Contemplan abrumados un mundo en constante cambio (valga el oxímoron) y
que les exige continuas reinvenciones. Arriba y abajo en las laderas,
han olvidado quiénes son y no quieren eso. Sienten miedo hacia un futuro
que no les da ninguna seguridad; sus fuerzas ya no son las que eran.
En
el contexto germano-oriental la desilusión se revuelve contra la
Alemania de la reunificación. La acusan de haber traicionado a la
generación que luchó por la libertad en el 89. Las recetas de Bonn
fueron tan silenciosas como sangrantes: olvido. Algunos, antes de
admitir para sí mismos que a lo mejor Marx no estaba tan equivocado,
prefieren dar su voto a la extrema derecha. El fantasma de esta recorre
la película.
Por
todas estas razones y más estamos ante un cine de canto de cisne. El
film narra un mundo consciente de que no podrá mantenerse como está
durante mucho más tiempo.
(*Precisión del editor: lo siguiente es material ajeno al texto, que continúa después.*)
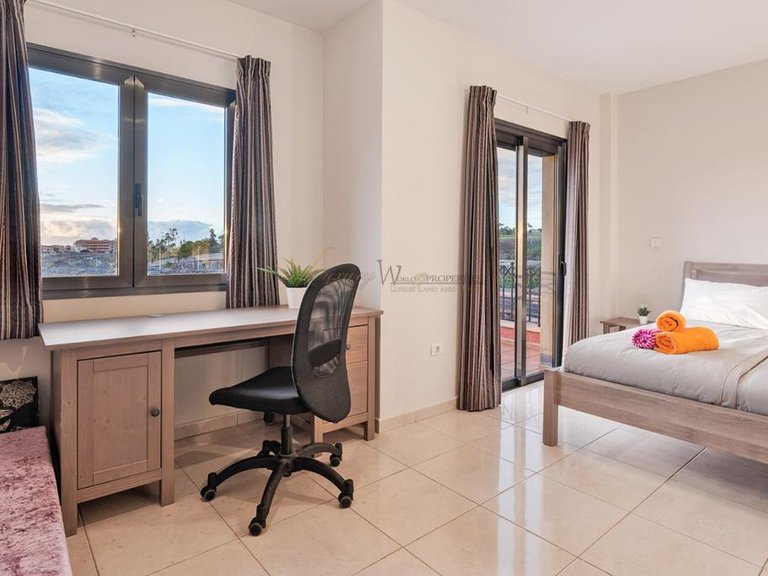Town House for Sale in Costa Adeje, Tenerife, España 13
Comparte con la cinta Parásitos una
suerte de enfoque profético sobre la necesidad de pasar página en la
historia, en tanto que arrojan tanta luz sobre cómo funciona el mundo en
el que ya no vivimos.
Como
en el principio de incertidumbre de Heisenberg, cuando las cosas se ven
con tan claramente es porque están a punto de irse. Así ha sucedido.
Es
evidente que ahora nos encontramos en un punto crítico de la montaña.
Nos toca a nosotros movernos para saber si estamos en lo más bajo del
valle con la ardua, pero a la vez hermosa, tarea de escalar hacia un
nuevo cielo, o si, ya en la cima, hemos tocado techo como sociedad y hay
que volver a descender a los infiernos. Lo bueno es que nos toca
precisamente eso: movernos. En nuestro caminar queda decidir si todo lo
anterior seguirá siendo parte de este nuevo mundo al que nos han lanzado
de repente.
Entre
la felicidad estática y la felicidad dinámica, yo me quedo con aquella
en que se saborean mejor las bocanadas del aire que se respira. Entre la
felicidad del poseer y la felicidad del buscar, yo me quedo con el
viento en el rostro. Sí, conozco la amargura de ambas.
¿Pero y los abuelos?
¿No nos estamos olvidando de ellos?
Los
abuelos son demasiado viejos ya como para dejarse seducir por la
palabrería de un charlatán como yo. A la vez, son demasiado jóvenes para
perder el optimismo.
Consejo
de una abuela de Alemania del Este, de estas que han peleado tanto con
la vida que han salido nadando con la navaja en la boca y que se han
quedado con la cara de Klaus Kinski con peluca: “La felicidad es como el agua. Quien solo se aferre a ella, se pasará la vida con los puños cerrados.”
Sin embargo, una cosa sí que es cierta: el canto de otro mundo hacia otro mundo no nos queda tan lejano.